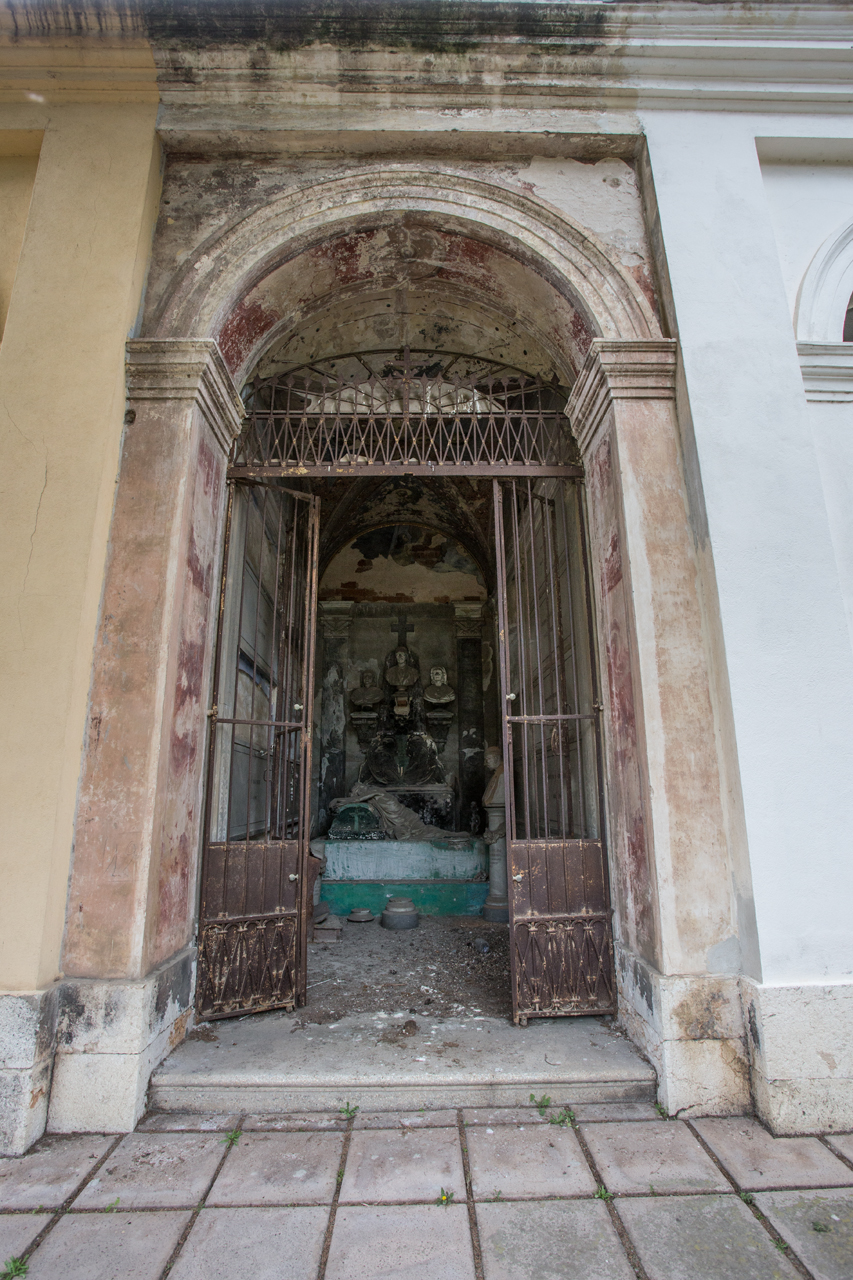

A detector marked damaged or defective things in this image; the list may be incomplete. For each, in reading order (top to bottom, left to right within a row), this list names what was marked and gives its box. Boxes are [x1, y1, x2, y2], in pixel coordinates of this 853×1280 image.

rusted iron gate [197, 348, 612, 1018]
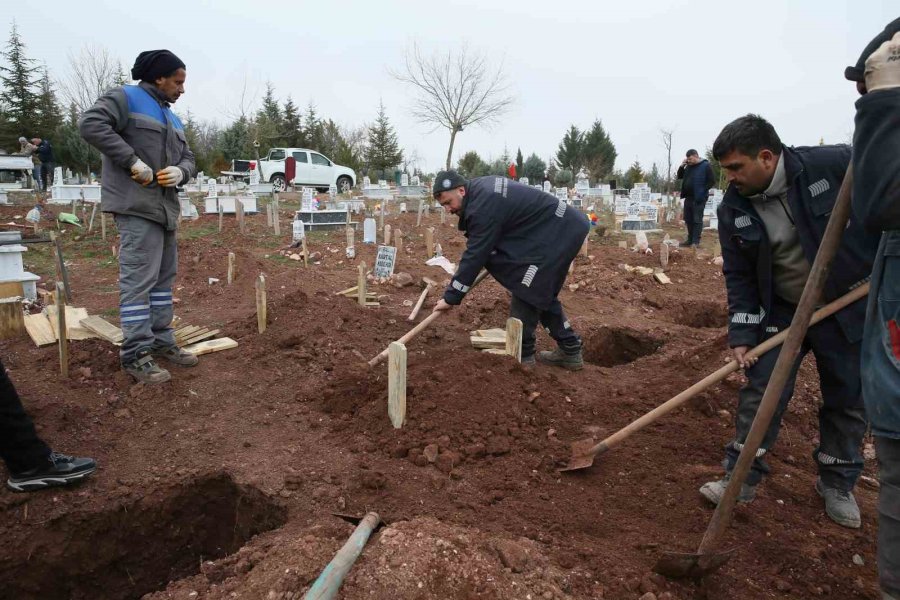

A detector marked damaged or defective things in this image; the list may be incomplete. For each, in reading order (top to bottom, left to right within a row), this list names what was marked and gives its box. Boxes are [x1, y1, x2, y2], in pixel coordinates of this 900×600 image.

broken wooden board [24, 312, 56, 344]
broken wooden board [44, 308, 96, 340]
broken wooden board [79, 316, 124, 344]
broken wooden board [184, 338, 237, 356]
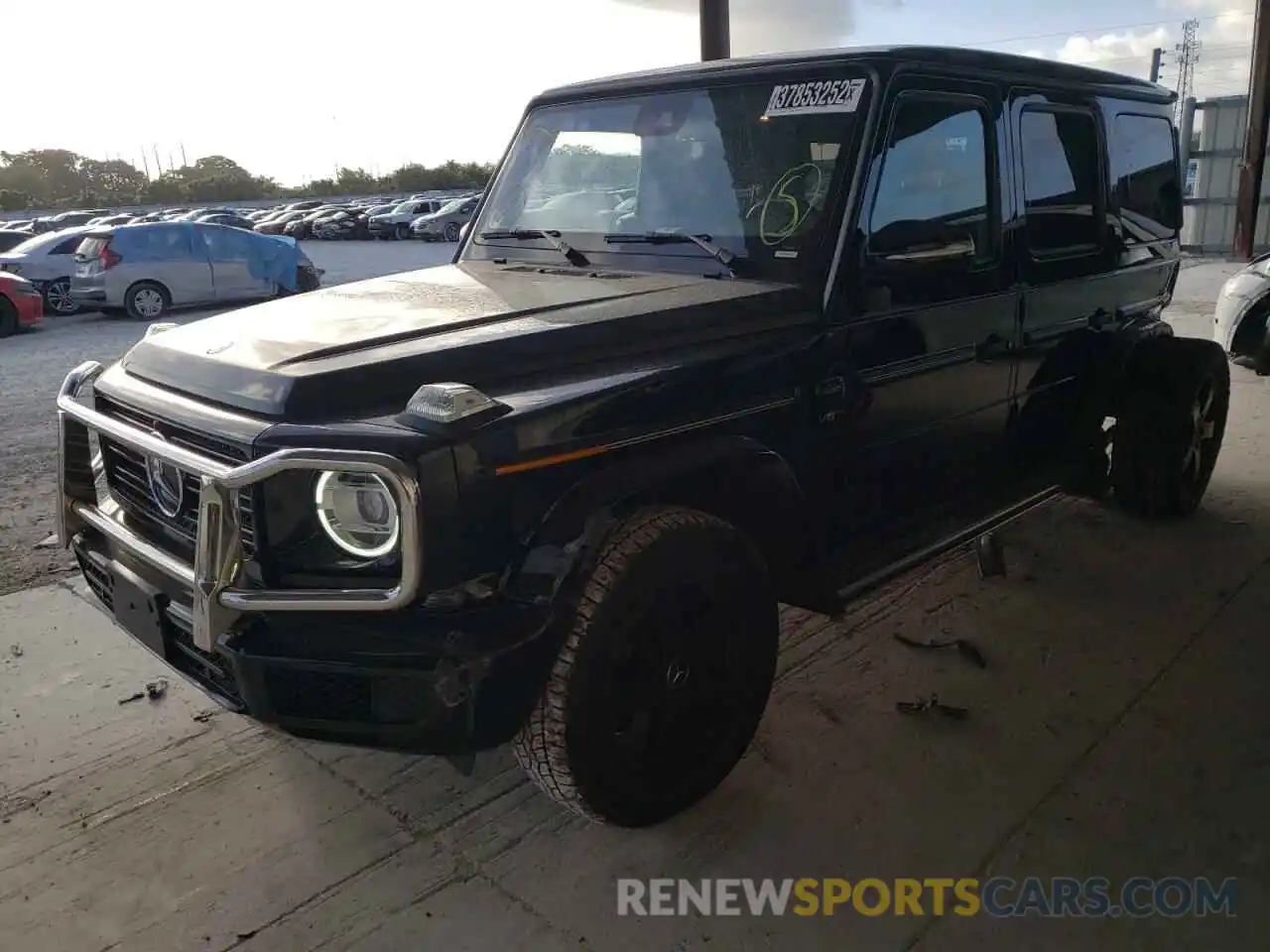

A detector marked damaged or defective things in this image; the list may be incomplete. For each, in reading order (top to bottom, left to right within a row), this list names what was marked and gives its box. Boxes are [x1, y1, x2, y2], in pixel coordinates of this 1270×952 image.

rusty steel column [700, 0, 731, 60]
rusty steel column [1229, 0, 1270, 257]
damaged front bumper [55, 360, 561, 756]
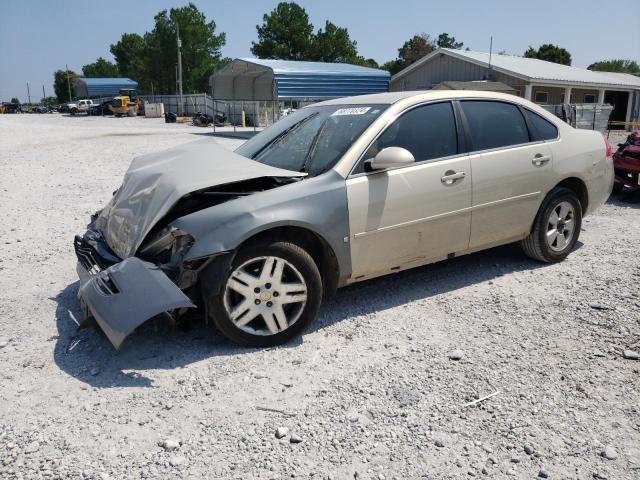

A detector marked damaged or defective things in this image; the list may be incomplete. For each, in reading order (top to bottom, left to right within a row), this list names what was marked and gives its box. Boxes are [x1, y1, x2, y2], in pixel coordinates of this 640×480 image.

crushed hood [95, 139, 304, 258]
crumpled front end [73, 227, 194, 346]
detached front bumper [73, 231, 194, 346]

# What the task asks
Your output should be exactly the lines of the records above from the one with "this 1270×952 image." through the last, both ends included, with pictures excluded.

# Answer for this exercise
A detector marked damaged or defective things in this image; the list may be incomplete. For each, in reading order (top to bottom, left to right within a row), this list names what was marked and gives its box. Boxes are [x1, y1, x2, y2], in pixel coordinates of this 1270×952 image.

rusty steel column [700, 0, 731, 60]
rusty steel column [1229, 0, 1270, 257]
damaged front bumper [55, 360, 561, 756]

A detector marked damaged or defective things in this image; the list may be incomplete. For each, in reading order (top to bottom, left to right within a row), this list names what was marked and gives its box. Boxes are [x1, y1, x2, y2], in pixel coordinates of this 640×480 image.

crushed hood [95, 139, 304, 258]
crumpled front end [73, 227, 194, 346]
detached front bumper [73, 231, 194, 346]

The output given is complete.